«Mar» es un sillón de cuero con reposabrazos, «autopista» es un viento muy fuerte y «escopeta» es un hermoso pájaro blanco. Esto es lo que aprenden, repiten y creen a pies juntillas tres hermanos que viven encerrados en una casa, aislados por completo del mundo exterior, sobreprotegidos y —paradójicamente— maltratados por sus progenitores. Así es como empieza Canino, con estas abracadabrantes definiciones de una realidad distorsionada y absurda que no requiere de consenso alguno con el mundo exterior.
Resulta irónico que, en el año 2009, Canino se alzara con el Premio Un Certain Regard del Festival de Cannes. Un galardón que premia películas por su originalidad y que, en este caso, fue a parar a un remake inconfeso de El castillo de la pureza de Arturo Ripstein, rodada nada menos que 36 años antes. Para realizar este filme, Ripstein se inspiró en un caso real acaecido a finales de los años 50 en la Ciudad de México. Un caso protagonizado por Rafael Pérez Hernández, un vendedor de veneno para ratas que mantuvo a su esposa y a sus seis hijos aislados del mundo exterior durante nada menos que 18 años. Tapó las ventanas con tablones de madera, les prohibió terminantemente salir a la calle y los obligó a trabajar en la fabricación del matarratas que posteriormente vendía. Indómita, Libre, Soberano, Triunfador, Bien Vivir y Libre Pensamiento —así es como se llamaban sus hijos— crecieron entre cuatro paredes sin saber absolutamente nada del mundo exterior, sin conocer a nadie más que a su propia familia. Al menos, hasta que en Julio de 1959 la policía encontró una nota de auxilio que Indómita consiguió lanzar a la calle. El caso ocupó las primeras planas de los periódicos y, una década más tarde, Ripstein se basó en esta historia para dirigir su quinto largometraje.
Polémicas aparte (¿plagio u homenaje? ¿calco o remake?), lo que resulta innegable es que Canino supuso un antes y un después en el cine griego. O al menos, en una cierta corriente del cine griego que apostaría con decisión y firmeza por el humor negro, el simbolismo críptico y el nihilismo más descarnado, consecuencia inevitable de la devastadora crisis política y económica que afectó al país durante más de una década.
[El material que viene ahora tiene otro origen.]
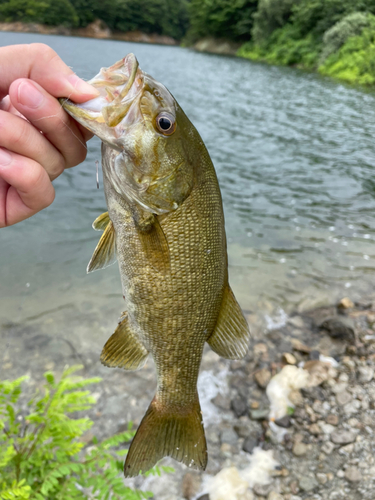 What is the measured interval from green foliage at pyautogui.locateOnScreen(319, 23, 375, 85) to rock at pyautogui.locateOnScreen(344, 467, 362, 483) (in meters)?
33.6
De este modo, directores como el propio Yorgos Lanthimos, Athina Rachel Tsangari (Attenberg, 2010), Alexandros Avranas (Miss Violence, 2013), Babis Makridis (Pity, 2018) o Manolis Mavris (Brutalia, ergasimes meres, 2021), insuflaron a sus historias una cierta desesperación teñida del surrealismo más desconcertante, constituyendo así lo que se acabaría llamando la Weird Greek Wave.
A diferencia del caso real, en Canino los miembros de la familia no tienen nombre. O, al menos, no sabemos cómo se llaman. Padre, madre, hijo, hija mayor, hija menor. Los conocemos, eso sí, por sus actos, por sus palabras, por sus deseos. Los conocemos por cómo se relacionan entre ellos, por cómo interactúan con los (pocos) elementos que hay a su alrededor. Con los aviones de juguete y los aviones de verdad, con las tijeras de podar, las diademas fluorescentes y las cintas de vídeo. Los conocemos por cómo se comportan en un alrededor extremadamente reducido y limitado, de tan solo unos cuantos metros cuadrados, tan luminoso como inquietante. Un alrededor cuyas fronteras se encuentran delimitadas por un jardín, por un seto, por una puerta nunca atravesada; pero, sobre todo, por un miedo desmesurado a todo aquello que resulta desconocido, a todo aquello que ni siquiera tiene nombre.
En Canino, todo parece suceder dentro del marco de una cotidianidad imprevisible, marcada al milímetro por los designios e imposiciones de un padre que considera el mundo exterior como un lugar a evitar por su familia. Padre, el único que tiene contacto con el resto del mundo, lleva al perro de la familia a un centro de adiestramiento, donde el animal tendrá que completar los cinco niveles de instrucción antes de regresar a casa. A sus hijos, eso sí, prefiere adiestrarlos él mismo, induciéndoles a competir por recompensas absurdas, transformando su vida en un reto sin sentido, haciéndoles creer que los gatos se alimentan de carne de niños, que los zombis son flores amarillas y que solo podrán salir de casa cuando pierdan uno de sus colmillos. En esta historia, la única que tiene nombre es Christina, compañera de trabajo de padre y mujer designada por el mismo para perpetuar esta perturbadora estirpe familiar. Personaje decisivo que, por otro lado, desestabilizará ese falso equilibrio familiar mantenido a base de mentiras, falsedades y prohibiciones. Ese falso equilibrio que sabemos que no puede durar porque, pronto o tarde, la realidad incidirá en él como un hachazo.